Typically, color blindness is genetic, meaning if a parent carries a gene for color blindness, there is a chance that their child will  be color blind. Specifically, color blindness genes are associated with the X chromosome. But, an X chromosome without a color blindness gene can override an X chromosome with a color blindness gene. This means the person becomes a carrier for color blindness (i.e., can pass it down to kids), but does not show symptoms. Because men have XY and women have XX, it is more likely that men both inherit and show symptoms of a color blindness gene than women. When a person expresses a color blindness gene, the photopigments in his/her cones are impacted. People with color blindness experience reduced ability to sensitively detect wavelengths because of the affected photopigments. These people tend to have  limited or a complete loss of function in photopigments.

 

The most common types of color blindness happen when photopigments activated by long or medium wavelengths (i.e., red and green colors) are affected. That's why some people might have difficulty seeing the number 5 in the image above; their ability to distinguish between green and red is reduced. This image is modeled after an actual test for color blindness called the "Ishihara Color Test." Depending on the type of color blindness gene, people with red-green color blindness can experience symptoms ranging from a just a dulling of red, orange, yellow, and green colors, all the way to seeing reds as brown/yellow and green as beige. 

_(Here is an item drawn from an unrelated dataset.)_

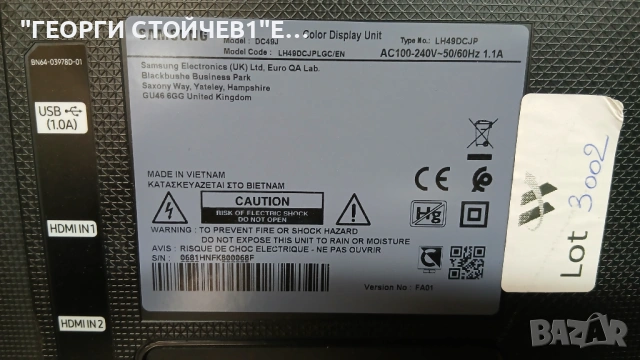 DC49J  BN41-02626A  BN94-12685B   BN41-02292B[BN95-02673D]   CY-JM049BGLVZH   LM41-00470A  LM41-0047, снимка 2 - Части и Платки - 54119614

Aside from red-green color blindness, there is also blue-yellow color blindness, which happens when photopigments activated by short wavelengths are affected. This type of color blindness is rarer than red-green color blindness. Symptoms can range from difficulty distinguishing between blue-green and red/yellow-pink to yellows appearing as violet or grey and blues appearing as green.

 

The rarest and most severe form of color blindness is complete color blindness. This happens when  either two or all of the types of photopigments do not work. People with this type of color blindness  have symptoms ranging from difficulty distinguishing among all  colors or completely seeing the world in black, white, and grey. 

References

[1] Purves, D., Augustine, G. J., Fitzpatrick, D., Hall, W. C., LaMantia, A. S., McNamara, J. O., & White, L. E. (2008). Neuroscience. 4th. Sunderland, Mass.: Sinauer. xvii, 857, 944.

[2] Haines, D. E. (2004). Neuroanatomy: An atlas of structures, sections, and systems (Vol. 153, No. 2004). Lippincott Williams & Wilkins.

[3] Thierry, G., Athanasopoulos, P., Wiggett, A., Dering, B., & Kuipers, J. R. (2009). Unconscious effects of language-specific terminology on preattentive color perception. Proceedings of the National Academy of Sciences, 106(11), 4567-4570.

[4] Wald, G. (1966). Defective color vision and its inheritance. Proceedings of the National Academy of Sciences, 55(6), 1347-1363.

[5] Conway, B. R., Chatterjee, S., Field, G. D., Horwitz, G. D., Johnson, E. N., Koida, K., & Mancuso, K. (2010). Advances in color science: from retina to behavior. Journal of Neuroscience, 30(45), 14955-14963.

[6] Siok, W. T., Kay, P., Wang, W. S., Chan, A. H., Chen, L., Luke, K. K., & Tan, L. H. (2009). Language regions of brain are operative in color perception. Proceedings of the National Academy of Sciences, pnas-0903627106.